Benerator Performance Tuning

Performance

Benerator is regularly optimized for performance, so single threaded data generation is efficient enough in the most cases. As a result, multithreaded generation is tested much less intensively than singlethreaded operation. The following recommendations are ordered in 'bang-for-the-bucks' order: The first tips have a better ratio of effort to gain than the later ones.

pageSize

By default Benerator stores each entity in an own transaction, because this simplifies error tracking when creating a descriptor file. But this has a tremendous impact on performance. When configuration is complete, and you need performance, set the pagesize attribute of critical <generate> elements, e.g. <generate type="db_user" count="1000000" consumer="db" pagesize="1000">

JDBC batch

JDBC batches provide for significantly better database insertion performance than standard operation. In Benerator this is turned of by default, since error messages that arise from bad generation setup are much harder to analyze in batch mode. When you are finished with defining data generation and need performance for mass data, you can activate batch operation by the batch attribute of the database element:

<database ... batch="true" />

Benerator is optimized for performance. Thus you may get problems when combining nested <generate> elements with batching. It typically results in exceptions that indicate violation of a foreign-key constraint.

Query fetch size

If you are querying data with large result sets from your database, e.g. when anonymizing production data, you should tune the database's fetch size. It determines how many rows are transmitted from the database to Benerator when accessing the first query result. So it reduces the number of network roundtrips. Benerator uses a fetch size of 100 by default which should be useful in most cases.

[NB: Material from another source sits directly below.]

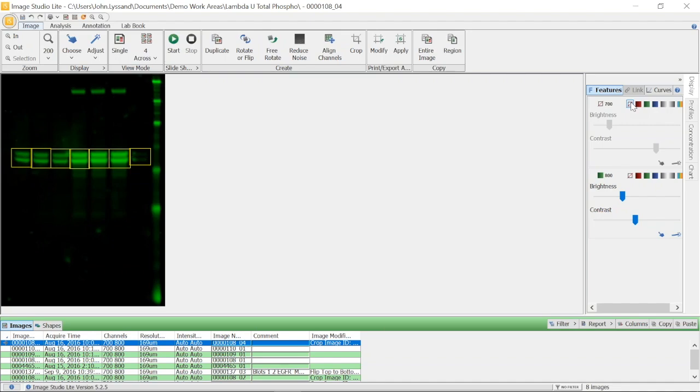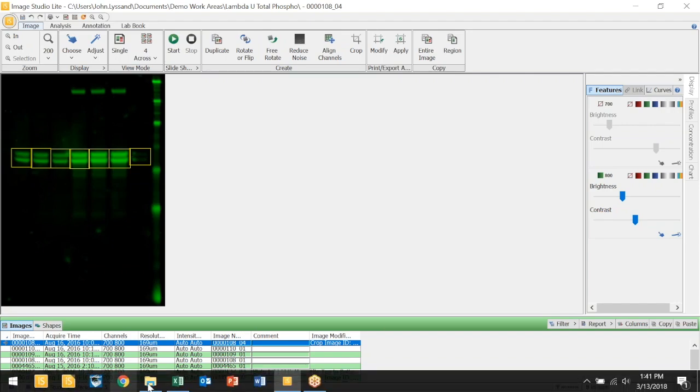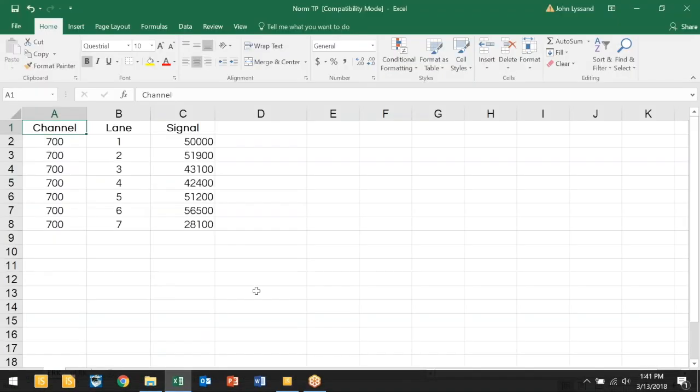Once you've quantified in Image Studio Lite, we'll want to take our data and export it to a graphing program. Here, I've exported this dataset into Microsoft Excel.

You can experiment with higher values, e.g. 1000 by configuring the batch attribute of the database element: <database ... batch="true" />. This is mainly useful if the database is accessed over a slow network connection and query result sets are at least as large as the fetch size and are iterated to a relevant extent. When setting the fetch size to value that is too high, performance may actually decrease.

Id Generation

The most efficient id generation strategy is increment since it works without connecting the database. It works fine for multithreaded generation, too. But for concurrent execution of multiple Benerator processes or continuation of a cancelled generation process you need an id generation that is unique among several runs. The most efficient id strategies with such behavior are seqhilo (database-based) and uuid (universally unique string id).

Relational Data Generation

Nesting <create-entities> elements greatly improves maintanability of data generation but can decrease generation speed. At critical generation steps you might want to sacrifice maintainability for speed by replacing nested structures with 'relational' structures, e.g. replacing this code:

<generate name="db_customer" count="1000000" consumer="db">

<generate name="db_order" minCount="0" maxCount="20 " consumer="db">

<attribute name="customer_fk" script="{db_customer.id}"/>

...

</generate>

</generate>

with something like this:

<generate name="db_customer" count="1000000" consumer="db" />

<generate name="db_order" count="10000000" consumer="db">

<reference name="customer_fk" source="db" targetType="db_customer" distribution="random" />

...

</generate>

Scripts

When using other script languages that rapiddwellerScript, the scripts expressions are parsed at runtime, thus are significantly slower than compiled code. For performing CPU-intensive operations or excessive looping, use rapiddwellerScript or program a Java task (See Manual Section 10, “Custom Tasks”).

Parsing (Oracle) metadata

On databases with many tables, scanning metadata can take several minutes. One source of superfluous tables is the Oracle recyclebin. You can speed up parsing by including a 'purge recyclebin' in your SQL scripts.

Using regular expressions in the <database>'s excludeTables and includeTables settings, you can restrict the amount of metadata to be parsed.

If metadata retrieval still takes too long, you can use <database... metaCache="true" /> for storing metadata in a cache file on your local hard drive.

When Benerator executes SQL with an <execute> statement, it analyzes if the database structure is modified. In that case, the cached database meta data is invalidated and reparsed when they are needed the next time. If you are certain that the change is irrelevant to subsequent generations steps, you can suppress the invalidation by

<execute invalidate="false">ALTER TABLE...</execute>.

Distributed Execution

You can distribute generation over several machines. In oder to do so you will need two types of descriptor files: First an initialization descriptor that initializes the systems and generates the deterministic core data, Second a mass data description file. The initialization file will need to run first on a single machine, then the mass data file can be executed on multiple processes or machines concurrently. For mass data generation you will need to take special care: Choose an id generation strategy that is able to create unique ids under these circumstances (see Section 24, “Generating IDs”).